Monday, 10 November 2014

CROWDSOURCING -- OUTREACH, OR SCHEME FOR FREE LABOUR?


MUSEUM MONDAY
BY ALEXANDRA JEFFERY

Many archives—and museums too, like the Brooklyn Museum*—are crowdsourcing their activities. Could this indicate that archives and museums are now sharing their authority with those that patronize their institutions? Or, is this simply a ploy to make you think they are-- a ruse to get you to work for them for free?

I’m going to choose to give museums and archives the benefit of the doubt and consider this an interesting way to a) increase awareness of institutions and collections and b) make more material available online. 


For instance, I recently came across the University of Iowa’s DIY History transcription project. The intent is to have willing victims decipher olde tyme handwriting so that they can make full-text digital copies available. I gave it a go to see what it was like—willing indeed. I chose to transcribe letters that fell under the “Pioneer Lives” category because I’m just into that. My task of choice was the Bartholomew Family Letters, 1852-1893.

1867-07-02 Page 1
The particular letter I transcribed (seen above) was written in 1867 by the J.P. Foster Real Estate Office to Mr. B. A. Bartholomew. I'm usually quite into this kind of thing--I even listened to some fiddle/folk/banjo music while I did this, to get in the mood--but whoooeee that handwriting is  difficult to read, and this letter wasn't all that interesting--just money and contract matters. Well, I suppose that's probably what you can expect with pioneer life. I bet the WWI or WWII diaries were more interesting, or THE COOKBOOKS.

So all in all, not the most exciting experience. However I liked the program, pretty easy to use and the whole website is pretty good looking, which is something that I can't say for all the projects I've listed. 

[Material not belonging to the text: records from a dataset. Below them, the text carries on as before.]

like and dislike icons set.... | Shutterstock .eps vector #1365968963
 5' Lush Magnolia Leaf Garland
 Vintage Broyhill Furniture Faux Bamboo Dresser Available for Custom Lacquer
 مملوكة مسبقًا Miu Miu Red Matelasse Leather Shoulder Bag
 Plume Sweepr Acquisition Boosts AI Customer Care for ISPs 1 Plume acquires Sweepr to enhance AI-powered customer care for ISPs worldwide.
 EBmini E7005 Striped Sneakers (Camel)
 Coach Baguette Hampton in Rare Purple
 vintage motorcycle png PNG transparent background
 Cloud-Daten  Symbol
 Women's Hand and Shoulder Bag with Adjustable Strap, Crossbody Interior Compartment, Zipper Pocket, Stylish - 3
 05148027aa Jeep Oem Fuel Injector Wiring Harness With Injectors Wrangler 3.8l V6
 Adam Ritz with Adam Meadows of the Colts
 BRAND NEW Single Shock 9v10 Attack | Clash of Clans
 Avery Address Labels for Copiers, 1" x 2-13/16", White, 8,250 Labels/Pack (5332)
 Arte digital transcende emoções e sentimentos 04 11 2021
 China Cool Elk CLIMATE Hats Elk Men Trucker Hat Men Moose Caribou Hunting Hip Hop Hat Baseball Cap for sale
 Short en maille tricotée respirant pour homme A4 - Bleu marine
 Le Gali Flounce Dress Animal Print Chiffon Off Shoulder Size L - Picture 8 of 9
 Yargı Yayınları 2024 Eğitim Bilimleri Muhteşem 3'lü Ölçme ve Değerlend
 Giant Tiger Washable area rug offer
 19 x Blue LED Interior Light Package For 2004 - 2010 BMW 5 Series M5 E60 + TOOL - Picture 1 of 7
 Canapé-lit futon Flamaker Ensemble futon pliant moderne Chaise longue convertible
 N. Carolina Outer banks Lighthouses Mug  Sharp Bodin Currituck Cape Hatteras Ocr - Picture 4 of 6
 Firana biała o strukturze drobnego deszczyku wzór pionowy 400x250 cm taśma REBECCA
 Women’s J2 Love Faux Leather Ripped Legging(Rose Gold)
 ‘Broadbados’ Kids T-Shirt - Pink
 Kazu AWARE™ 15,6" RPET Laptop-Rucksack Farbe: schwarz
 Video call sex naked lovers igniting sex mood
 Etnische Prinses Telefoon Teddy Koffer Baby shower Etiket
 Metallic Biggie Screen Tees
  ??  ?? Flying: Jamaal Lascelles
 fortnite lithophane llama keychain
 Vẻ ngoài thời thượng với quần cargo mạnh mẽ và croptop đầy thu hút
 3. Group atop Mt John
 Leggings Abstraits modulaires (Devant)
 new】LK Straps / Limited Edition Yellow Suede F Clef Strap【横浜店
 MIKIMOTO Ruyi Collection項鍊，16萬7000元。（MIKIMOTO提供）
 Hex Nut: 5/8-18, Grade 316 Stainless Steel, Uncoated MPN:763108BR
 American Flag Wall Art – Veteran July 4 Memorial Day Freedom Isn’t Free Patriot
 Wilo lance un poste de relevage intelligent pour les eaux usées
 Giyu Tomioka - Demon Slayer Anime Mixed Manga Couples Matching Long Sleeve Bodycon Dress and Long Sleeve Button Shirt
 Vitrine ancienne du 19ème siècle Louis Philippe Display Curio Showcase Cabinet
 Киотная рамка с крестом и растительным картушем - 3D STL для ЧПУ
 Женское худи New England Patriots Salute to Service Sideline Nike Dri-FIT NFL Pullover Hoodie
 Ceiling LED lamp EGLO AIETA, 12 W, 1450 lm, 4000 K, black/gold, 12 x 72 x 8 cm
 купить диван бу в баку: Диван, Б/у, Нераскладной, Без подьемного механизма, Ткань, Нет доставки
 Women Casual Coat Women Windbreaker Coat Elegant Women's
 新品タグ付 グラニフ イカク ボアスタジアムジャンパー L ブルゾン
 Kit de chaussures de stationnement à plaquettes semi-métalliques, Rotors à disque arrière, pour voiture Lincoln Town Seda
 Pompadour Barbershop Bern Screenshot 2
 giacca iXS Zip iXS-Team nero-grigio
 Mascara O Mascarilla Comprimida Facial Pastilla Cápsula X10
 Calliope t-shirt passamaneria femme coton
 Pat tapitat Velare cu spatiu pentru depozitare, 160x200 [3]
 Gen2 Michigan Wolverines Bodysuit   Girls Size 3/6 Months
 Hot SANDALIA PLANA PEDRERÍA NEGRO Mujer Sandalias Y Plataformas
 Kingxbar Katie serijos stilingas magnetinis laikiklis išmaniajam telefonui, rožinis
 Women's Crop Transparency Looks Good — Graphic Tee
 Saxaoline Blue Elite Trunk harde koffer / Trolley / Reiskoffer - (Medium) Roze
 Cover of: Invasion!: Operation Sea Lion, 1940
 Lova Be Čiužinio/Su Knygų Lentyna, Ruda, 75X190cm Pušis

Here are some other projects (check out zooniverse for more):

1. The Old Weather Project – “Help scientists recover Arctic and worldwide weather observations made by United States ships since the mid-19th century by transcribing ships' logs.”
 
2.What’s the Score at the Bodleian? – “By describing these images, you will not only be helping to provide access to this valuable but hitherto 'hidden' collection, you will also be facilitating future research into popular music of the period and the wider social function which it performed during the Victorian age.”


3. NYPL Labs at New York Public Library – “NYPL Labs is an experimental design and technology team working to expand the range of interaction, interpretation, and reuse of library collections and data.” One such project is Building Inspector : “Building Inspector is a mobile-friendly web app for improving information extracted from 19th century New York City insurance atlases.”


 

4. The Smithsonian Transcription Center – “Become a Smithsonian Digital Volunteer and unlock our stories as you transcribe our collections.” There is the Bumblebee Project, where you get to describe bee species!



5. Notes from Nature a collaborative effort of multiple institutions - "We have thousands of specimen images, labels and ledgers from museum collections and the biologists who maintain those collections...help us transcribe that data and make it available for further use in biodiversity and conservation research."


6. Ancient Lives at the University of Oxford - YOU GET TO TRANSCRIBE GRECO-ROMAN PAPYRI FROM EGYPT



*The Brooklyn Museum's projects Tag! You're It and Freeze Tag have now ended but users can still tag objects in the online collection.

1 comment:

  1. I'm torn in two very different directions about this.
    1. COOL!! What a great way to get visitors to participate, and feel like they are a part of the museum. Also a great way for backlogged collections staff to get a break.
    2. How useful are the descriptions from people who are not trained? I was even looking at the bumblebee one thinking that that is out of my league. Will these the transcriptions be checked for accuracy? (if they are, that kind of seems to defeat the purpose, in my opinion) Can you trust the general public to do a good job? Is anything better than nothing?

    I'm not sure what the answer is, but my first reaction was that it was a neat way to get visitors to take some ownership of their museums. What better way to get people to care than to have them participate? Thanks for bringing this up Alex!